Bolt II: While searching for the start of that line, my eyes must have scanned over atleast 4 faces, which were hardly old enough to even have some facial hair!

A vague thought crossed my mind in that very moment - our government is busy rising the legal drinking age so that the youth of this country do not have legal access to spirit till age 25. But in a country where 14 year olds or even lesser ones have access to it when the age limit is 18 for beer and 21 for spirits, will the change in that number change anything at all?

The law makers forget that the very same age limit, of 18 years, has been defined in the law books of the government itself as ‘Major’ - an age when citizens can be trusted – with voting in the political future of the country (voting eligibility), with the security of the nation (armed forces employment eligibility), with financial decisions (self bank account eligibility), with marriage & children (marriage eligibility) and with even heavy weight four wheelers on the most crowded of the roads (driving license eligibility.) The law people are of the opnion that the same people who can handle democracy, guns, trucks, money, families etc legally cannot handle spirit legally. Do they have a plan in place if 18+ junta chooses to handle sprit, illegally?
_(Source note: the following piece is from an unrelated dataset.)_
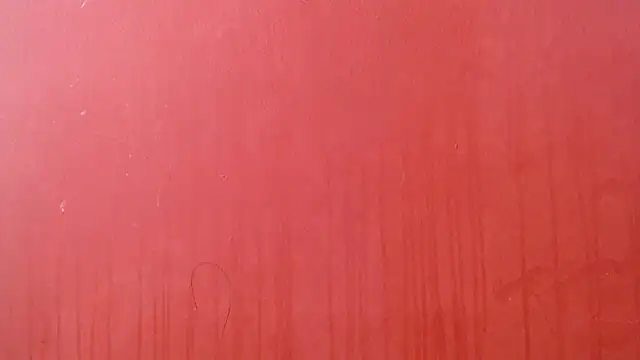 Freyja eter online show from January 7, 7:41 pm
My 76-year-old grandmother says young minds are like springs – the more you press them down, the higher they pop up. Wish atleast some amongst the lawmakers had such clarity and understanding of what they are dealing with. They forget that Adam too was young when he bit into that forbidden fruit up in heaven and he ate it because he was asked not to do so. Forbid the young & they will go after it – Alcohol, porn, affairs, premarital sex – you name it; convince them - things stand way much better. So if the government can trust the young with all the responsibilities of life at 18, please do not insult them with laws that question their maturity.   

Mr. Lawmaker please think, and think logically, that in a country where rules are made to be broken and where government officials specially are gold medallists in breaking those rules what makes you believe that the generation that has grown up looking upon you will not break those rules! After all young minds learn by seeing – so to start with – atleast a few of you can stop breaking the existing rules before making new ones and focus on better governance based on better education and better living conditions rather then deciding for citizens who are already empowered by law and mind to decide. Drinking citizens or teetotaler citizens - the country needs growth and that will happen when we start focusing on progression issues than on money minting issues.   

So Mr. Lawmaker basically ‘First Think, Then ink (the laws).’